There was a man on the plane who had fallen slightly in love with me. He'd sneaked a look at my passport as we went through the metal gates and had written, on the patch on his arm, Contact In Case of Emergency – Miss Jane C Flett. I liked the touch with the initial.
Once I got there and walking around I was giddy. They were laying new foundations for the start of another world of skyscrapers. I could see long gashes riddled deep into the earth.
They followed the North-South avenues. The city was cleaved apart and expanding quietly. I watched it as if from a helicopter, the angles tilting.
I had forgotten how nice the names of streets were. “Saint Michael of Love Corner”. “The Abacus”. All I could think about was how I would write a poem around the word
The billboards were so bright. I couldn't get enough of all that text. They were screaming and imploring from either side of the road. I was looking for a toilet I knew I could find in a basement. I was going to take my mother to the Chelsea Hotel. We would drink Manhattans (I could already taste them in my mouth). Probably she would meet me there.

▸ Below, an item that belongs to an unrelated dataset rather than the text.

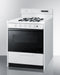 30" Wide Gas Range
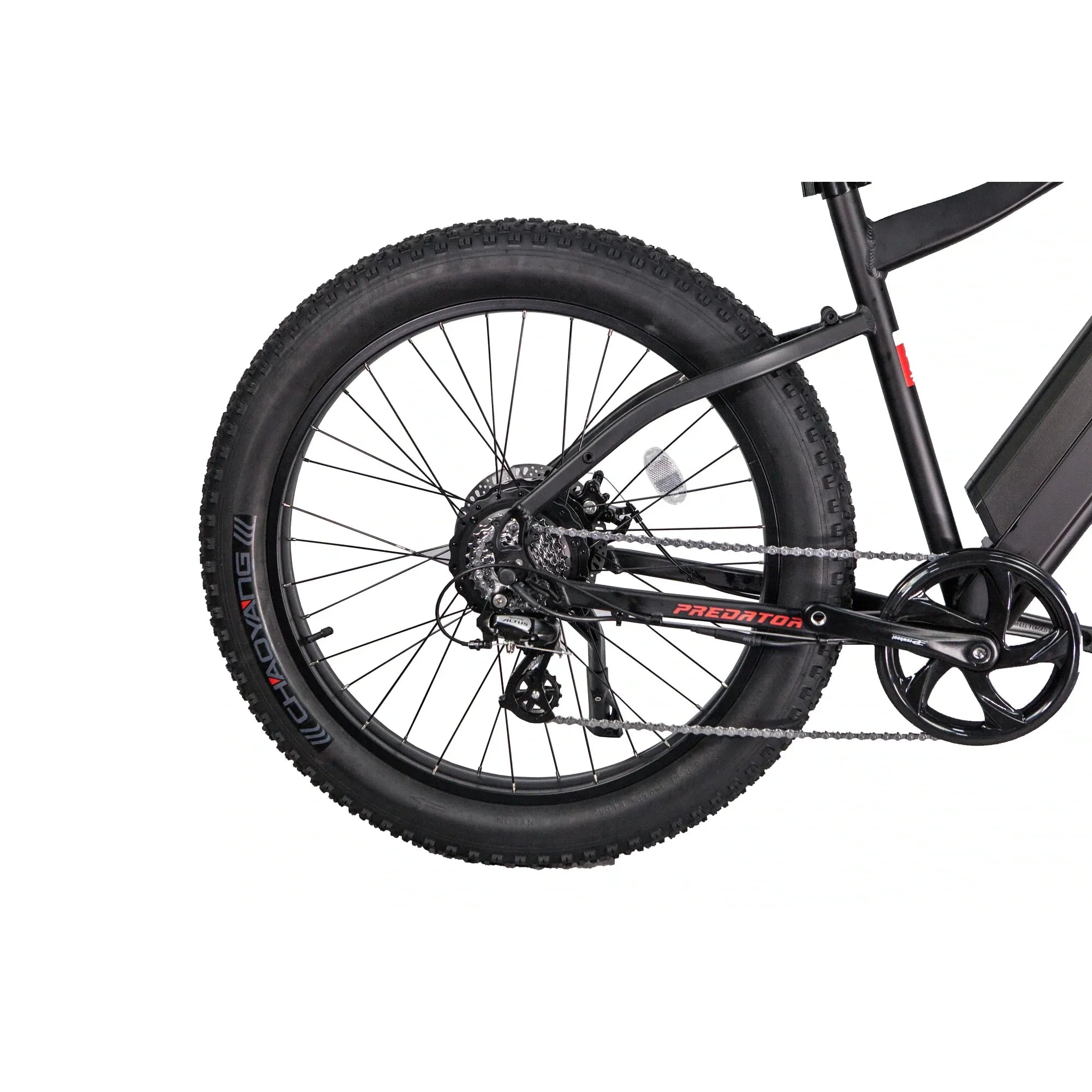 GlareWheel EB-PR Pro 750W 26-Inch Fat Tire Electric Mountain Bike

I realised I was supposed to be at work on Thursday. I could fly back, or I could just run away from all my responsibility. It came to me, in a dream, that I didn't need to be in Edinburgh after all. It was cheating, in some way, to not have told anyone my plans, but I hadn't known them until I arrived.
I was very happy to be free of responsibility. In the third page of my moleskin notebook I wrote
and I waited for the rest of the words to come.